Entre dos aguas | Crítica

Aliento trágico, potencia del tiempo

Con este regreso, doce años después, a los personajes, ambientes y asuntos de La leyenda del tiempo (2006), una de las películas clave del cine español de lo que llevamos de siglo, no cabe ya hablar tanto de la cansina hibridación entre documental y ficción como de una verdadera inmersión en el territorio mítico del western, un western hiperrealista y gaditano, si ustedes quieren, pero un western al fin y al cabo.

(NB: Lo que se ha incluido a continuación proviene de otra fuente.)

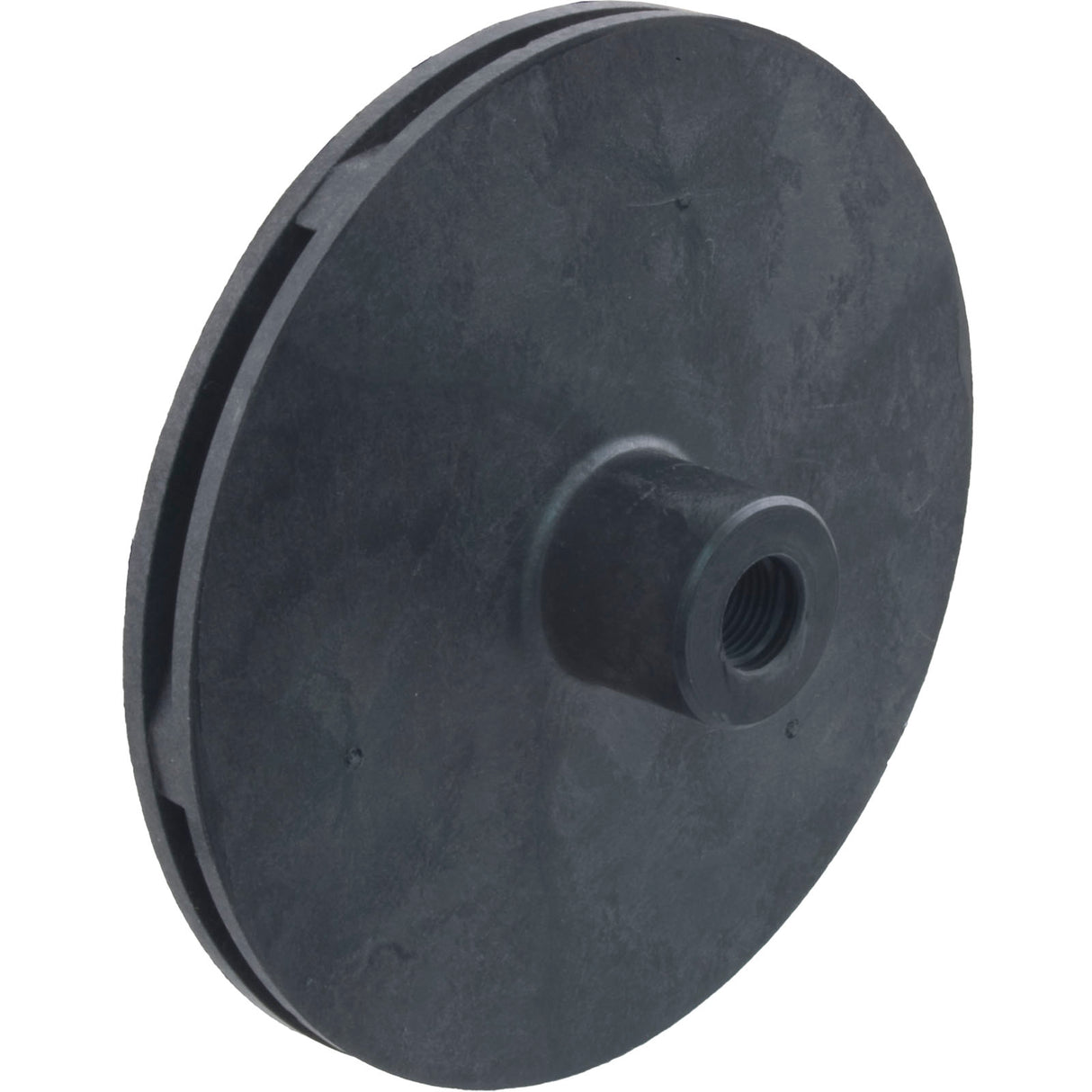 Impeller, Pentair PacFab Challenger, 0.75 Horsepower : 355187 - PacFab/Pentair - 355187 - PartsForSpas.com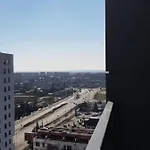 View Wes Quality *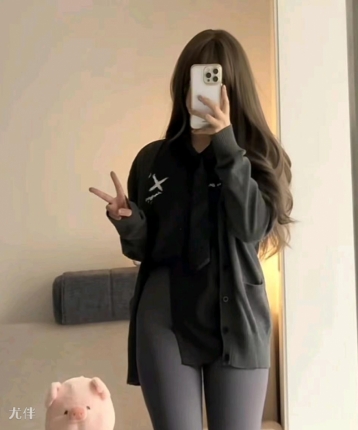 夜空星星闪的头像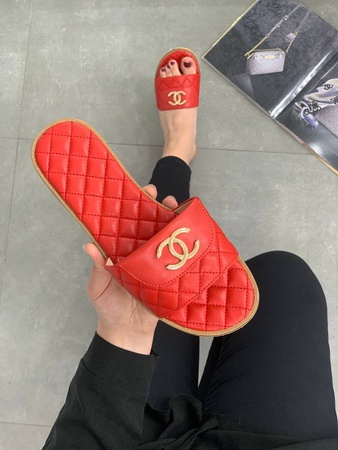 Kadın ayakkabıları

El singular barrio de La Casería en San Fernando, su trazado de casetas pobres de madera y uralita, sus mareas altas y bajas, su terreno enfangado y sus monstruosas torres vigilando a las espaldas delimitan la cartografía salvaje del retorno al hogar para el héroe trágico que encarna Israel Gómez, que acarrea a sus espaldas (literalmente: ahí está ese tatuaje-relato en proceso) la fatalidad de un destino marcado por el asesinato del padre, la traición de la madre, los años de presidio, el rechazo de la esposa y un único posible asidero al futuro de la mano del hermano mayor, Cheíto, que sí consiguió engancharse a la normalidad gracias a un trabajo como cocinero en un navío del Ejército.

Son esos los elementos que configuran Entre dos aguas como un filme de aliento trágico, como una poderosa incursión en un territorio auténtico transfigurado en paisaje de resonancias bíblicas, como escenario luminoso y orgánico capaz de convertir la verdad (precaria) de sus gentes, acentos y gestos libres en arquetipos universales de la batalla (de clase) por escapar de la inercia de la marginalidad y de la lucha con uno mismo, contra los propios fantasmas e instintos de desaparición, por aferrarse a la vida de la mano de la sangre y la descendencia.

Como en los mejores proyectos de retorno, la potencia del tiempo trabajando también se revela aquí significante y arrolladora: cada recuerdo de aquel primer filme, cada rima o fogonazo creados por el montaje, cada regreso a las palabras y lugares del pasado preñan de elocuencia, sentido y emoción el presente, pequeño gran milagro de un modo de hacer y concebir el trabajo cinematográfico. Lacuesta se entrega así generoso al esfuerzo de sus cómplices en un viaje y un relato compartidos, borra de manera portentosa todo asomo de artificio (que lo hay y mucho), hilvana con sutileza cada eco resonante, cada transición metafórica, cada forma simbólica, cada mensaje social y político (el desempleo, la inmigración, la bandera…), para dejarnos frente a unos personajes que respiran, se lanzan al agua, juegan, nadan, caminan, miran, recuerdan, se emocionan y lloran como si realmente hubieran vivido o estuvieran viviendo esas fascinantes vidas de ficción.